> [Exercise prompt]
Set down the line containing "A Police officer" and each line after it through the last line of the records, exactly, leaving pictures out.
==*==
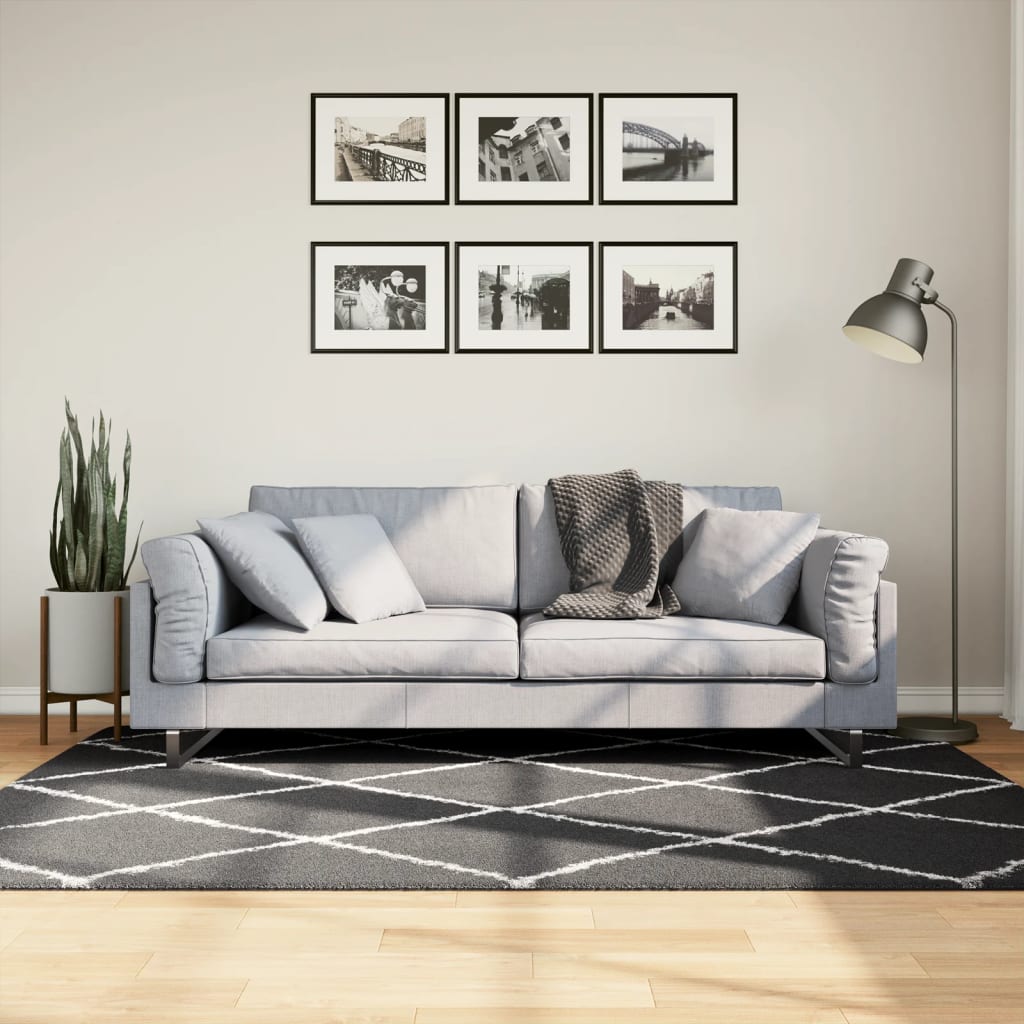 Vloerkleed shaggy hoogpolig modern 140x200 cm zwart en crème is nu te koop bij PeponiXL, paradijselijk wonen!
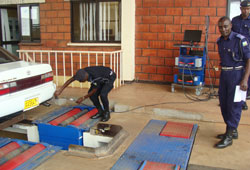 A Police officer tests one of the vehicles at the inspection centre (Courtesy Photo)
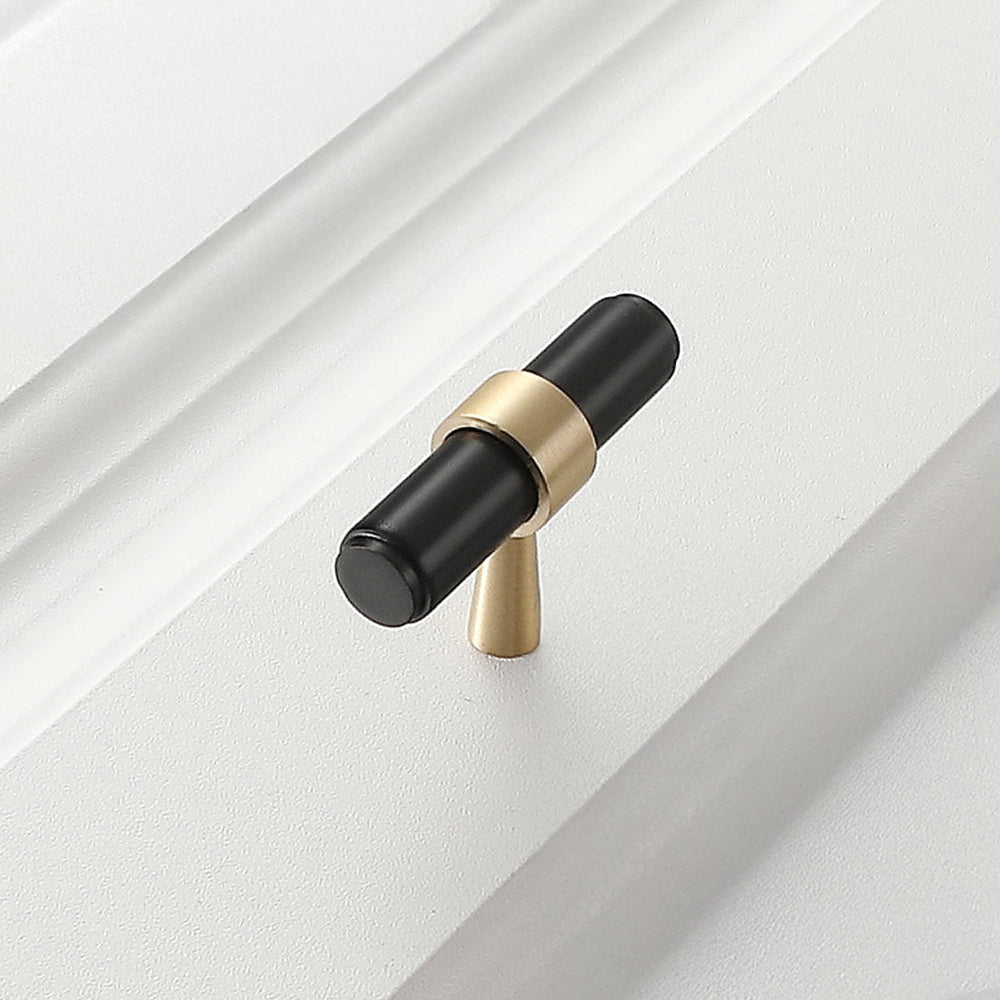 Modern Collared Brass T-Bar Kitchen Handles and Knobs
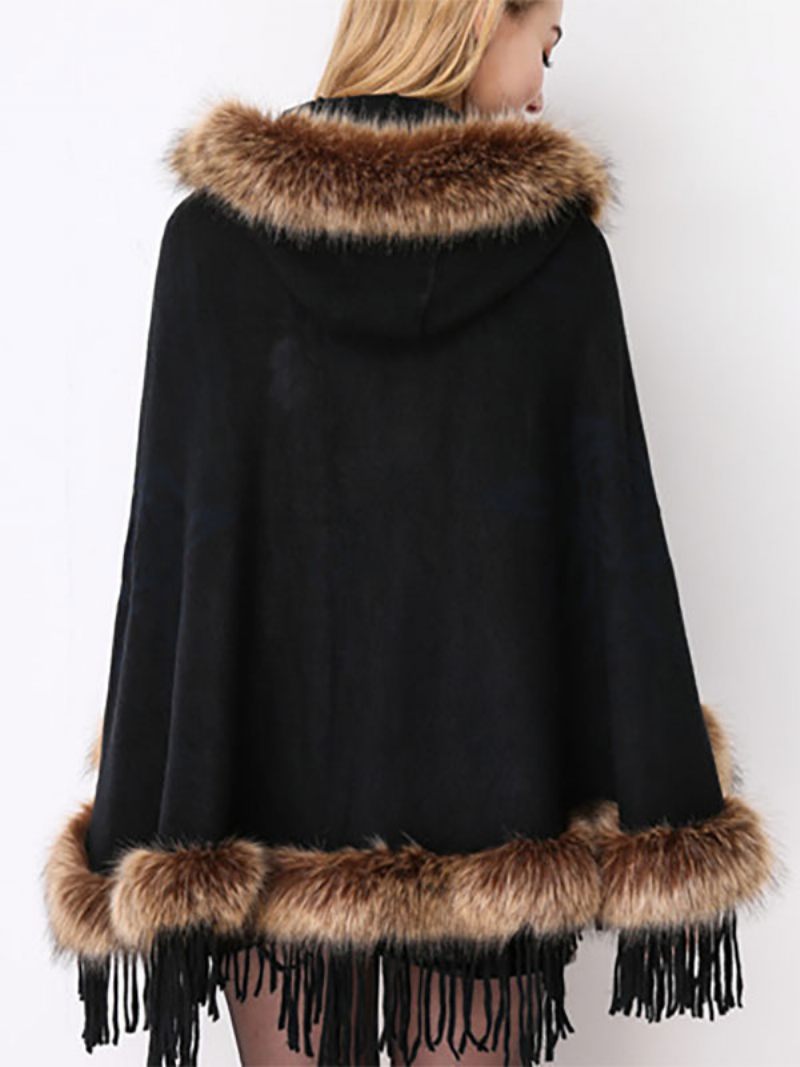 Poncho Noël Pour Femmes Cape À Capuche Et Franges Vêtements D'extérieur D'hiver 2024 - Noir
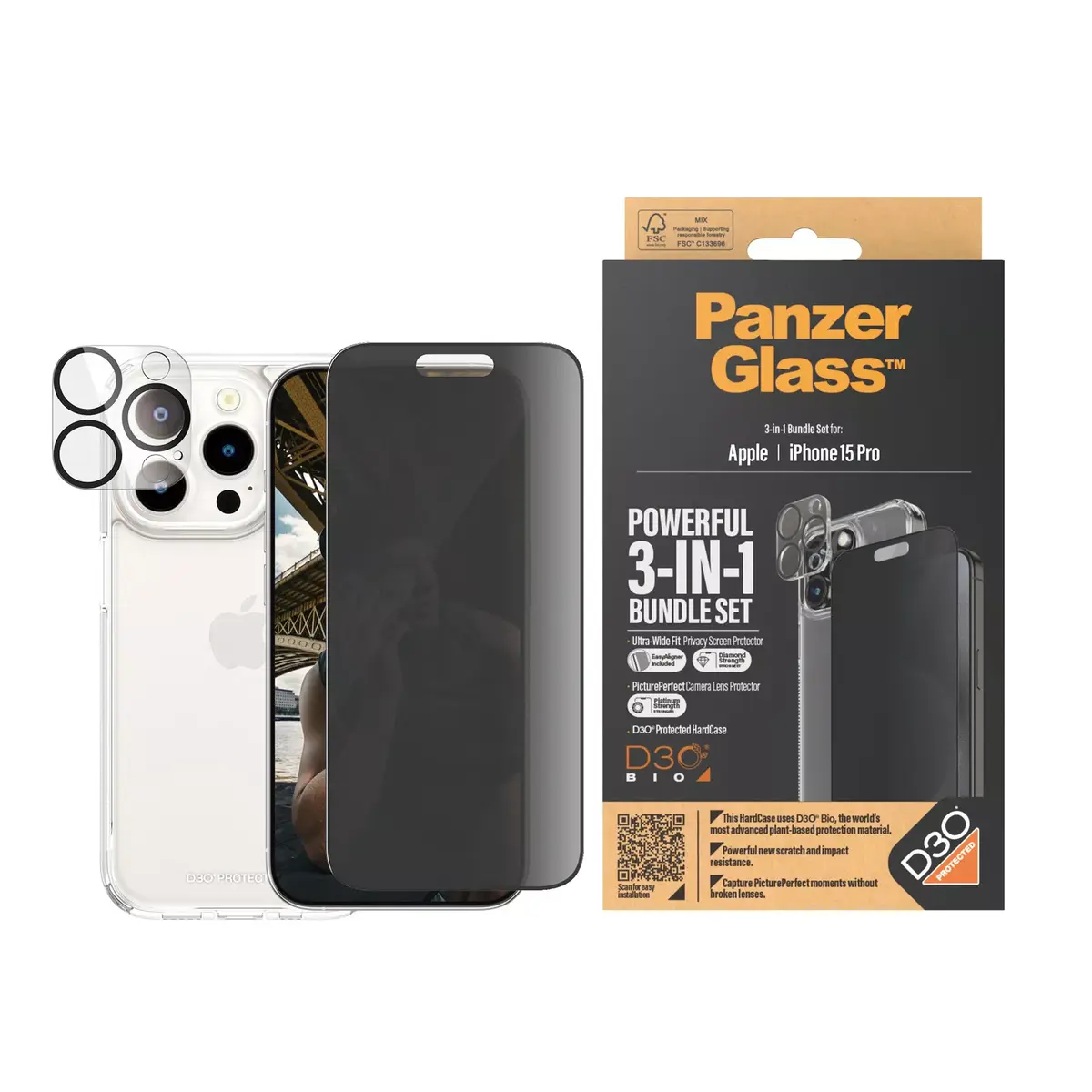 PanzerGlass Privacy 3-in-1 Pack iPhone 15 Pro Photo 2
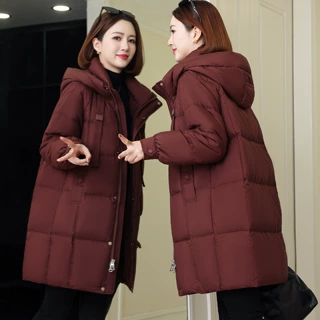 妈妈羽绒服中长款2026新款中年女装冬季加厚连帽洋气休闲保暖外套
==*==
> [Answer box]
 A Police officer tests one of the vehicles at the inspection centre (Courtesy Photo)
 Modern Collared Brass T-Bar Kitchen Handles and Knobs
 Poncho Noël Pour Femmes Cape À Capuche Et Franges Vêtements D'extérieur D'hiver 2024 - Noir
 PanzerGlass Privacy 3-in-1 Pack iPhone 15 Pro Photo 2
 妈妈羽绒服中长款2026新款中年女装冬季加厚连帽洋气休闲保暖外套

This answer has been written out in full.